Talgo has broken the record of India's fastest train, the recently launched Gatiman Express, by achieving a maximum speed of 180 km per hour on the Mathura-Palwal stretch.
On July 13, the high speed Spanish Talgo train broke the record of India’s fastest train, the recently launched Gatiman Express, by achieving a maximum speed of 180 km per hour on the Mathura-Palwal stretch.
It covered the distance of 84 km, which normally takes about 90 minutes, in 38 minutes. The train had nine empty coaches hauled by a Varanasi-made 4,500-HP diesel engine.
“The feeling of the train running at such a high speed was amazing. Before the trial, we were a bit worried about the performance of the coaches at 180 kmph, but they ran exceptionally well, including on curves,” said Vivek Sharma, second loco pilot in the engine of the train, to Times of India.Lead pilot Sunil Kumar Pathak, the other driver in the train, added: “For me, the most striking part of the journey was the fact that an Indian diesel engine pulled the coaches at 180 kmph, a feat which no locomotive engine manufactured in the country had accomplished so far.”
Talgo consists of nine coaches — two executive class cars, four chair cars, a pantry car, a power car, and a tail-end coach for staff and equipment.
This is the second phase of trials for the train. It was supervised by engineers from Spain and Indian Railways’ Research Design and Standards Organisation (RDSO), Lucknow. About 20 more rounds of tests will take place till July 26, before the use and suitability of this train for Indian tracks is determined.

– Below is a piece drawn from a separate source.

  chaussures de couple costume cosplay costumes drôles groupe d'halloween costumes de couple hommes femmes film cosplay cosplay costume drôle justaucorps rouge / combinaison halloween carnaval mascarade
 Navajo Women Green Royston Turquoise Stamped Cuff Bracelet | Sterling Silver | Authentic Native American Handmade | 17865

Sandbags will be placed on seats to simulate passenger weight in the third trial. The test run will take place between Mumbai and New Delhi, a distance of about 1400 km, and will attempt to achieve a top speed of 220 kmph. Talgo envisages that this 17-hour journey will be completed in 12 hours by the high speed train.
Talgo is a Madrid based manufacturer of high speed passenger trains. Its lightweight aluminium coaches are designed to run along curves without decelerating.
Talgo coaches weigh much less than Indian Railways’ coaches and also consume 30% less energy, besides helping reduce travel time of course.
“Today’s successful achievement is a major milestone in the history of railways and it takes us closer to our dreams of having high-speed train service on the existing railway tracks,” Dilip Kumar Singh, Additional Divisional Railway Manager (ADRM) of Agra, said, on behalf of Indian Railways.